News Release

Study identifies the importance of modeling neonatal opioid withdrawal and brain adaptations in both sexes

Peer-Reviewed Publication

Boston University School of Medicine

(Boston)—The ongoing opioid epidemic in the United States has led to an increase in the incidence of Neonatal Opioid Withdrawal Syndrome (NOWS), a result of prenatal exposure to opioids. The effects of opioid exposure and withdrawal on infant neurodevelopment and behavior are not well characterized and clinical studies are limited in their ability to access brain tissue at appropriate intervals in order to fully understand the biological mechanisms mediating the effects of the prenatal exposure.


In a new study, researchers from Boston University School of Medicine (BUSM) have identified sex-dependent changes in gene expression in the brainstem during neonatal opioid withdrawal, suggesting that distinct neurobiological mechanisms, and by extension, distinct potential therapeutic targets, could underlie NOWS symptoms and their effective treatment in females versus males.

“This model can be used to understand the molecular mechanisms underlying NOWS symptoms and neurodevelopmental phenotypes induced by opioid perinatal exposure and could help in identifying new therapeutic targets to prevent or mitigate NOWS in humans,” explains first author Kristyn Borrelli, PhD candidate in neuroscience in the Laboratory of Addiction Genetics headed by Camron D. Bryant, PhD, associate professor of pharmacology and psychiatry at BUSM.

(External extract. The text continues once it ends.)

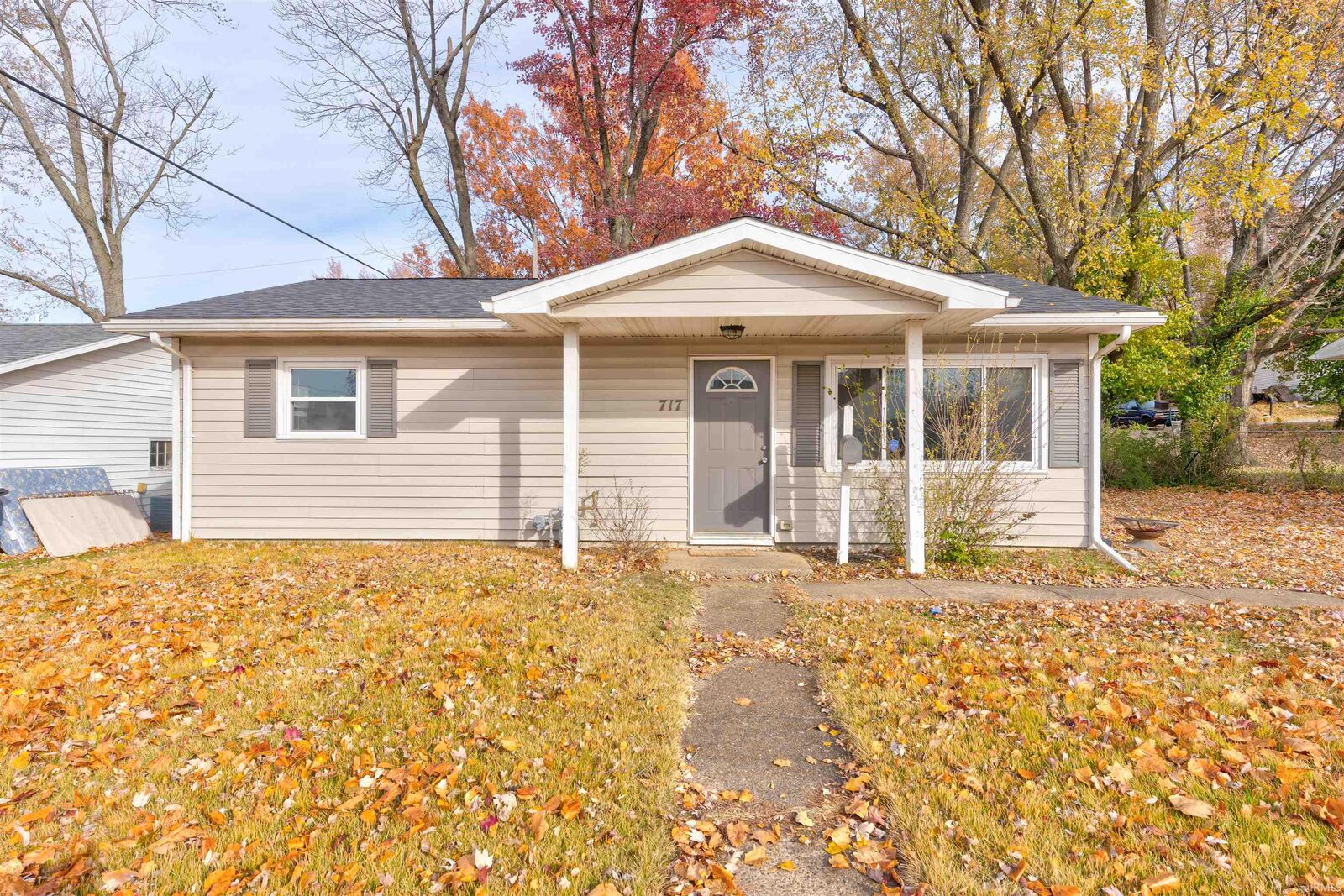 Property Photo:  717 Thornberry Drive  IN 47710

The researchers administered either morphine or saline in a mouse perinatal experimental model of the third trimester-equivalent in humans. They found that compared to saline-treated  neonates, morphine-exposed neonates displayed behavioral indications of opioid withdrawal, which in some cases were more pronounced in females. They also found that opioid-exposed neonates showed changes in gene expression in the brainstem and that these genes were linked to biological pathways that regulate development of the nervous system. “These findings suggest that prenatal opioid exposure, even during just this specific developmental time window, could compromise neurodevelopmental “wiring” of the brain and have long-term behavioral and health-related consequences,” said Borrelli.


The researchers hope this study will help facilitate the identification of therapeutic targets to prevent or mitigate the detrimental effects of prenatal opioid exposure on withdrawal and early developmental consequences. “Given the high incidence of NOWS, this work is a critical stepping stone to meet the urgent need for improved therapeutic approaches that minimize the long-term effects following prenatal exposure to opioids,” said Bryant.

These findings appear online in the journal eNeuro.

Funding for the study was provided by the  Spivack Center for Clinical and Translational Neuroscience; National Institute on Drug Abuse Grants U01-DA050243 and R01-DA-039168 (C.D.B.); National Heart, Lung, and Blood Institute Grant R01-150432 (R.W.L); Eunice Kennedy Shriver National Institute of Child Health and Human Development Grant R01-HD-096798 (E.W.); National Alliance for Research on Schizophrenia and Depression Young Investigator Grant 27202 (A.C-M.); and Boston University’s Undergraduate Research Opportunities Program (J.L.S.)